OPINION

South Africa: An alternative history (III)

RW Johnson writes on the possible trajectories of the four states, had union never happened

Ex Divertitate Vires*

It may seem from the hypothetical (which is to say, imaginary) history that we have constructed that South Africa would be much the same today even if its four constituent territories had remained separately independent.

This is true, however, only inasmuch as all of them would have individually achieved majority rule simply because nowhere could white minority rule prevail over international pressure and the ever-growing size of the black majority.

This is misleading, however. As we have seen their independence allowed them to develop very different histories and over time those histories gave them different identities.

The Cape

The Cape effectively adopted the franchise policy of the early Progressive Party which meant that from the 1960s on it had a steadily growing Coloured and African section of its electorate. Even in the 1960s this could tip elections there.

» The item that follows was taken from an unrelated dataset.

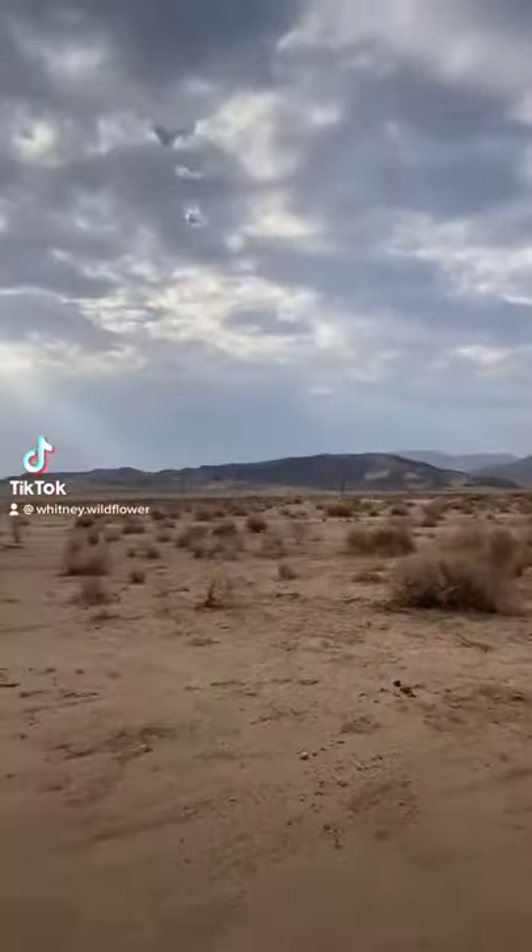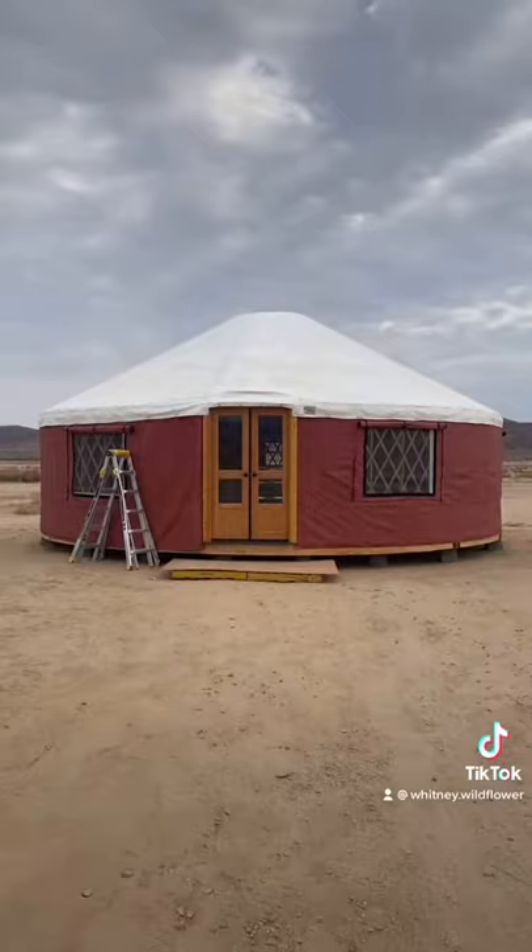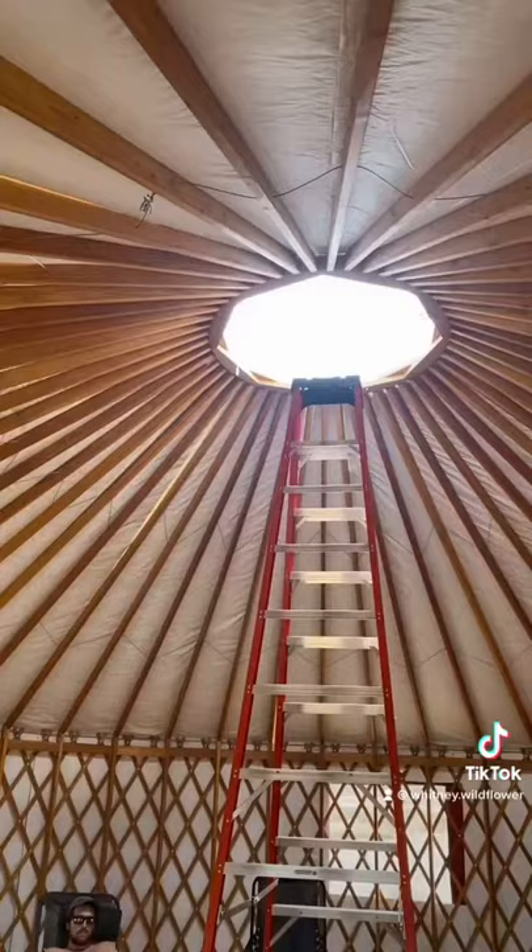Welcome back to another yurt update. We got the roofing liner, insulation, and top cover on last time. Now we've got our sidewall insulation and side cover on. The insulation attaches first with S hooks, which are eventually replaced with zip ties. The insulation has cutouts for the windows, as you can see.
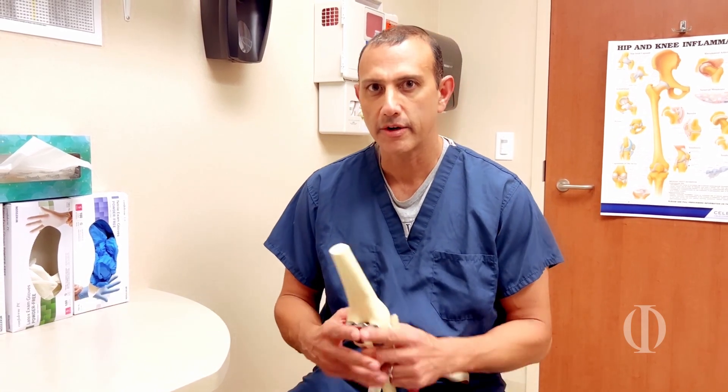Hi, I'm Dr. Shiraz Patel with the Orthopedic Institute of Western Kentucky in Paducah, Kentucky. I'm here to talk to you about robotic knee replacement.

Naturally, African and Coloured politicians exercised pressure for the broadening of the qualified franchise and by the time Africans and Coloureds made up 40% of the electorate this pressure became irresistible. By 1978 the Cape had moved to universal suffrage.

This gradualist and non-racial franchise profoundly marked the Cape’s history. Not only did it mean that apartheid or segregationist measures could never become entrenched but the Cape’s atmosphere remained liberal.

The rule of law was respected, there was no political censorship, no detention without trial or any of the other repressive measures seen in the OFS and Transvaal, where apartheid was firmly applied. Similarly, both states continued to ban Indian immigration Indian immigration and operated strict influx control over the African population.

However, the fact that the Cape and KwaNatal were much poorer than the Transvaal tended to encourage African migration towards the Transvaal and to discourage it from moving towards the coastal states. It is possible that this assisted the gradualist political change in both cases.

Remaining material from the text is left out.